Peak Political Science?

I am in Boston attending the annual meeting of the American Political Science Association. Each year it seems new attendance records are broken as more and more political scientists descend on the host city to attend panels, present papers and schmooze. This year the Association brags that over 7,000 political scientists have descended upon this spot. Its growth is drawn not only from the thousands of colleges and universities in America, but from scholars around the world.

The fact of ever greater growth means, of course, that there was a time when fewer political scientists attended this particular meeting. I suspect that many political scientists were apt rather to attend their local regional meetings rather than the Annual Conference. As air travel and the travel industry has flourished in the late-twentieth century, the Annual Meeting is just as easy to attend as a trip by car or train to a local gathering place of the State or Regional association. Simultaneously, as travel budgets have begun to be cut back (particularly at State universities, which are perpetually underfunded), political scientists have had to decide where to take their one trip per year. Many have elected to eschew their local conference gathering in favor of the national conference. It is at the national meetings where much networking is done (a large APSA banner in the convention center reads "Networking a World of Scholars") and, in some cases, careers are advanced. Limited slots for panels have made it increasingly difficult for graduate students to have the opportunity to present work at the national conference. In turn, the regional conferences have increasingly become the places where graduate students ply their wares in the hopes of someday getting their break in the big leagues of the APSA.

But I speculate that this year or very soon, we will see the peak attendance at the national meeting. As airfare prices rise, it will simply become unfeasible for academics to travel to far flung cities; at the same time, there will come the realization that the local and regional conferences are far more affordable and accessible.
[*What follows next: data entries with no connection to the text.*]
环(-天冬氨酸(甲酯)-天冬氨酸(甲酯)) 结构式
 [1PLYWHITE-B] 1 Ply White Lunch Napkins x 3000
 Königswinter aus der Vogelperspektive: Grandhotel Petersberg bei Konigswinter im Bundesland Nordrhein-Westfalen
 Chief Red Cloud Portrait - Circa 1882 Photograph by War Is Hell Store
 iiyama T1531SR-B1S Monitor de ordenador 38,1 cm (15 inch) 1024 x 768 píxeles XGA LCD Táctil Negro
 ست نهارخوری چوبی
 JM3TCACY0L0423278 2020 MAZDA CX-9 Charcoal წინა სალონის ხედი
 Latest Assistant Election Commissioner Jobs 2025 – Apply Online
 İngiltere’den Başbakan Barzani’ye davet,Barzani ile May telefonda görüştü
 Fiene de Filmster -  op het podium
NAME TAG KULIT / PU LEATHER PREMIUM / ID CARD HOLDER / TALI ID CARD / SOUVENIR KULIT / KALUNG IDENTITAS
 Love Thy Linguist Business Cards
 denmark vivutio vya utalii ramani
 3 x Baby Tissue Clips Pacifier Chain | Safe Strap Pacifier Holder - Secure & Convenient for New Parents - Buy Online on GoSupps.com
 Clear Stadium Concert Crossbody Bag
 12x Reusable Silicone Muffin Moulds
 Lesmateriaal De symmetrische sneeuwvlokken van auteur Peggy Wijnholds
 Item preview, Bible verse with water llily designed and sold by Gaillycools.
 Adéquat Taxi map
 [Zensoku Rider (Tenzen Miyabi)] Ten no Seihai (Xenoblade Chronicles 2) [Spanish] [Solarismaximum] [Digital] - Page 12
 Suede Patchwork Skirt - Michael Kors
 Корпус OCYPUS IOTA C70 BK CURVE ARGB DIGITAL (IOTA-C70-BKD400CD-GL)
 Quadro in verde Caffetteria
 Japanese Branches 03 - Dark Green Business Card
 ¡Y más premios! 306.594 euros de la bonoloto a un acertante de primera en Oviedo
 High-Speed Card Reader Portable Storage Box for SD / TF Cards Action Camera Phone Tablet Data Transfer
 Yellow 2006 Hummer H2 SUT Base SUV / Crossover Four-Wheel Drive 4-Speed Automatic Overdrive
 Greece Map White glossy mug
Already, with the shuttering of hundreds of planes and the downsizing of the airlines, it is becoming increasingly difficult to fly out of many smaller airports. Academics, like everyone else, are going to be more apt to stay closer to home.

At the same time, don't be surprised to see a reversal of the growth of the academic industry that defined academia since the post-WW II era. Coming years will see decreases in student enrollments, an inevitability portended by demographics and exacerbated the personal finances of Americans who will be unable to afford college in its present form. With the shrinking economy (and the shrinking of stock markets), endowments will decrease and fewer faculty will be needed or affordable. I think we can expect to see many schools shrinking to their 19th-century form or shuttering altogether. For many families, college will return to being a luxury for the class of citizens who will work as lawyers, doctors, ministers, etc. For most, learning a craft or trade will be a requisite, and apprenticeships will return as a noble form of learning.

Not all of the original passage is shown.